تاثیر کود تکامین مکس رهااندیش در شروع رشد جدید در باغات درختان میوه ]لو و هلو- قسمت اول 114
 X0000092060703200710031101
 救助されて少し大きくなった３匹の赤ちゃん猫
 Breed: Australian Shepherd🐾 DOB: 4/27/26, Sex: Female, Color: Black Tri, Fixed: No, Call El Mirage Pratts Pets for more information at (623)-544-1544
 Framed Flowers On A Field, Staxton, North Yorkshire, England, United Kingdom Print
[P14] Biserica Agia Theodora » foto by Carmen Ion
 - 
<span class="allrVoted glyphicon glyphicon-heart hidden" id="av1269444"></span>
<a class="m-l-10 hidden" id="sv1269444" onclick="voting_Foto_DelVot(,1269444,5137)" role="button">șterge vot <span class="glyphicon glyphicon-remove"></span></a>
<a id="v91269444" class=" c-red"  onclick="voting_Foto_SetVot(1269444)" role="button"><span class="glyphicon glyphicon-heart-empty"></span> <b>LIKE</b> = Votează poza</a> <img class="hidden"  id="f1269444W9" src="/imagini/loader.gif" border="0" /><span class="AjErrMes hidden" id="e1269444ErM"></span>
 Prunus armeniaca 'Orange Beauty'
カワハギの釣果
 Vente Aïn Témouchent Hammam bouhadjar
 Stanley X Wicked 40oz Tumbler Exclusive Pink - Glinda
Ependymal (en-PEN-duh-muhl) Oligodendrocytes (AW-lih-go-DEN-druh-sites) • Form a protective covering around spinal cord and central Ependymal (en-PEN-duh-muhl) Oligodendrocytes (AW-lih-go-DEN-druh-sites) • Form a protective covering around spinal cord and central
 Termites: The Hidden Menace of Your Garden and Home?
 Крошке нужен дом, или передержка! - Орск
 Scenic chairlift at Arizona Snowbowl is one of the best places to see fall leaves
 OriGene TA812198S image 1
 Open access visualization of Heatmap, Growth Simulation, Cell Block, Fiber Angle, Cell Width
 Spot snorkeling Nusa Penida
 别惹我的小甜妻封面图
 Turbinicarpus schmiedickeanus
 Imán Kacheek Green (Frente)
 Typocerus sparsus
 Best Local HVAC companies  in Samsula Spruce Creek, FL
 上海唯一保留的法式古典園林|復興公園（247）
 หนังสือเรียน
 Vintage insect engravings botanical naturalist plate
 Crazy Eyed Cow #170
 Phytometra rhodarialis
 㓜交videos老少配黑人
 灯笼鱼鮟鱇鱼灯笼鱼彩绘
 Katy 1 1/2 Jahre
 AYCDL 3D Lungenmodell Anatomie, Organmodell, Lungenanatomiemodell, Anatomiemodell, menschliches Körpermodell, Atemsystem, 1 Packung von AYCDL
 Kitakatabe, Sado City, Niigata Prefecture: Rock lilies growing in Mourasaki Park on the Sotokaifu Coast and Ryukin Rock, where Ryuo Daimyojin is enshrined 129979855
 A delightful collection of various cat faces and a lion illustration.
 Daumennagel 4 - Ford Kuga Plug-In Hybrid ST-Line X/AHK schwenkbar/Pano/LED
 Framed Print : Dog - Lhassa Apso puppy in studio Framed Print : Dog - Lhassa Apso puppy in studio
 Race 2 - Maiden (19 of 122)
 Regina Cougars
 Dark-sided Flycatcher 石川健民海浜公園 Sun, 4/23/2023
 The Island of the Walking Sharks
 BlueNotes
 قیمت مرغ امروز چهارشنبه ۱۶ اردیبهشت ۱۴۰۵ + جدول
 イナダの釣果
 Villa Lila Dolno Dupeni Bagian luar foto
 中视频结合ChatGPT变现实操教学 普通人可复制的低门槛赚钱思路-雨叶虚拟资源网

WHAT TO DO
Scan the listing for "span" and copy out each line that has it.

EXPECTED OUTPUT
<span class="allrVoted glyphicon glyphicon-heart hidden" id="av1269444"></span>
<a class="m-l-10 hidden" id="sv1269444" onclick="voting_Foto_DelVot(,1269444,5137)" role="button">șterge vot <span class="glyphicon glyphicon-remove"></span></a>
<a id="v91269444" class=" c-red"  onclick="voting_Foto_SetVot(1269444)" role="button"><span class="glyphicon glyphicon-heart-empty"></span> <b>LIKE</b> = Votează poza</a> <img class="hidden"  id="f1269444W9" src="/imagini/loader.gif" border="0" /><span class="AjErrMes hidden" id="e1269444ErM"></span>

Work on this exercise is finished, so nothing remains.